For many decades,possibly centuries, European revolutions have raged on to gain and establish the current model of state and of individual freedoms and human rights. The fundamental logic has been that there was situations of oppression deemed negative. Thus struggles had to be mounted in order to progress (the "progressive" kind of progress that is). If we take perfection to be unattainable though: Under these premises, there is no room for any feelings of contentment. That is to say there must be a continual struggle towards reaching ever increasing rights and freedoms. But that is clearly not the case.

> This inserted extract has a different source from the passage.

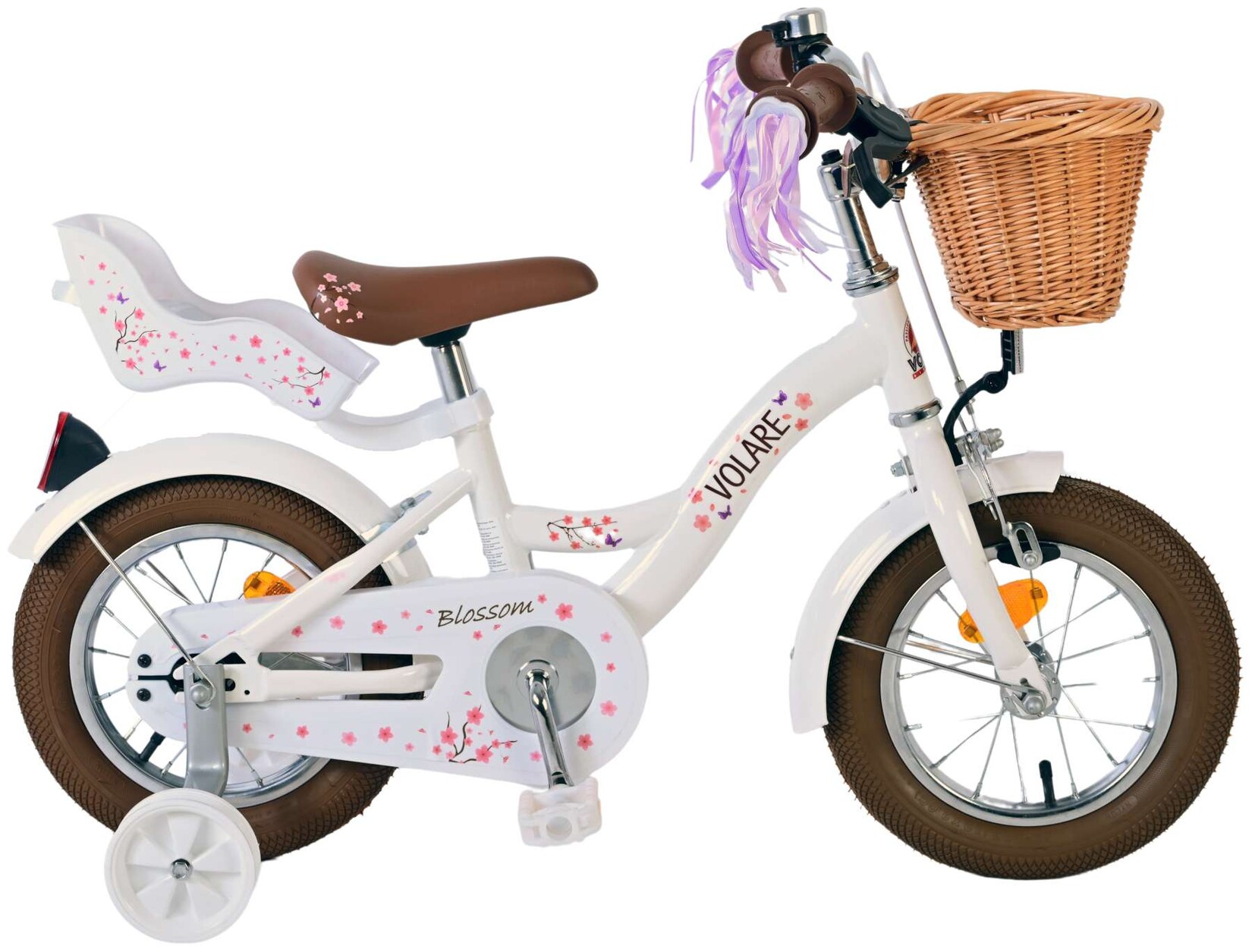VOLARE Kinderfahrrad Blossom  12 Zoll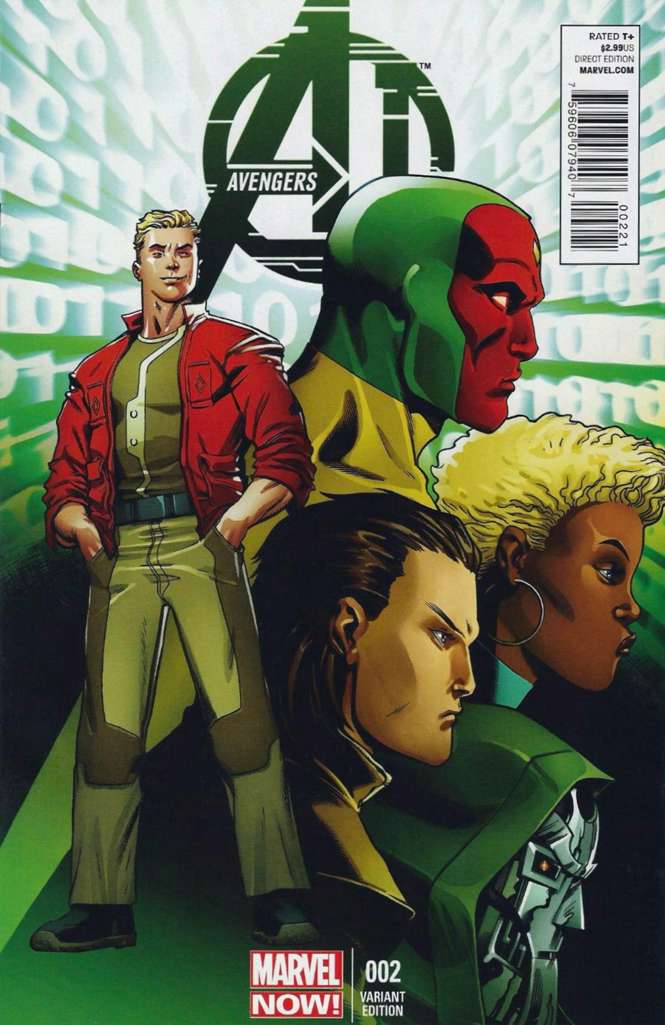 Avengers A.I. #2 Variation A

One can easily see that there is a stagnation in the advancement of liberties.
A considerable number of homo-sapiens of this age consider our era to be the peak of personal freedoms and rights. We are fond of the Idea that we are the humans with most rights and freedoms in the history of the specie.
However, there might even be a substantial danger in the reliance on such Ideas: that of regression. The recourse to laws to limit religious manifestation especially for Muslim women is a vivid sign. The minarets ban in Switzerland is also another case of institutional breaches and abandonment of rights that existed before. Weather one agrees with these policies or not is irrelevant: the fact that there is rights that exited and that are taken away is of monumental significance.
In the midst of this political democratic "stagnation", new found democracies are attempting to build their own democratic institutions and constitutions. Namely in Egypt and in Tunisia. The consensus in the two nations is the adaption of classical democratic popular based political regimes. There might be attempts at some fixes here and there, but these remain adaptational rather than radical or new. Along with the democratic liberal model, the revolutionary nations are also going to acquire the flaws of the "aging" system... Because of this course, on the short and medium run, the Arab revolutions will not yield any immediate political advancements for humanity.
As a way of conclusion, considering this stagnation and aging phenomenons in our political systems is vital. For they need a constant state of alert and attention to preserve the benefits they have brought about already. As for the advancement and attainment of further benefits there is not yet a clear emerging vanguard new model. We can try to start envisioning that model but the priority is mostly for pumping new blood into our current, aging liberal democracies.